The elections in Honduras last November were supposed to go smoothly and secure the position of current president Juan Orlando Hernández. Then the counting of the votes began and the events unfolded as unstoppable as an unfinished domino course started too soon.
On the evening of the 26th November, nothing seemed suspicious. As 60% of the votes have already been counted, first projections were published. The results were indeed unexpected: Instead of the current president Hernández, the left opposition candidate Salvador Nasralla was leading with a good 5%. The counting of the votes seemed to be paused, as no updates were published for the next one and a half days. The only message issued was the repeated appeal to the population to stay calm. No update on the results has ever since been giving space for doubt on the legitimacy of the election to surface.

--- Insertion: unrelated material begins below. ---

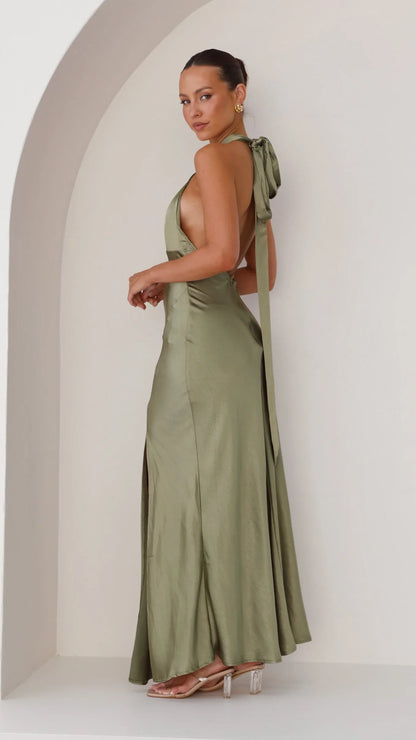 Amalia Maxi Dress Olive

Salvador Nasralla is quick to point out that some kind of foul play has to be involved and calls his followers to start taking the issue to the street to make their discontent heard. When the following projections show Nasralla’s lead melting like snow in the sun, the demonstrations grow violent and soon Hernández is publicly accused of manipulation. The police had to intervene, and it did so vigorously.

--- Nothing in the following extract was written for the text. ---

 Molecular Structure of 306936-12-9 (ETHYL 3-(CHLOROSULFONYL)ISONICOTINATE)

The beginning of December sees the riots on the streets becoming more violent by the day. Many have been calling for the president to step down and the opposition accused him of acting like a dictator clinging to his power. A curfew was issued by the government – an attempt to control an already uncontrollable situation.
The final results read the unsurprising victory of Hernández. The turn-out could be explained by the fact that the votes counted last are mainly coming from the rural areas. Computer glitches were also reported, both throughout the election day and the aftermath. The opposition is adamant on uncovering manipulation, though, and the votes are re-counted, without bringing a change to the results.
Before the elections, Hernández has already estranged himself from the population. His government acts more oppressive than ever before. His participation in the elections as a candidate is only possible because of a law changed by the highest court in Honduras. That the judges Hernández himself had appointed in the first place were behind the changes, is exacerbating the situation further.
Instead of achieving a more stable political situation, Hernández now has to face a political crisis on top of the economic problems the second-poorest country in Central America is struggling with.
Honduras has a high unemployment rate, and the economy is weak; this is partly because the majority of its export sector is dependent on the United States.
Concerns are now expressed that the unstable political situation will scare off any potential investors that are needed desperately to keep the country on its path out of poverty.
The situation looks bleak at the moment, however: After the results have been presented, the winner was Hernández. Many countries, among them also the US, have accepted the results, much to the anger of the opposition. Thousands have taken to the streets again to express their frustration. Thirty people have died and over a hundred detained with the families fearing that none of them will face justice, but arbitrariness.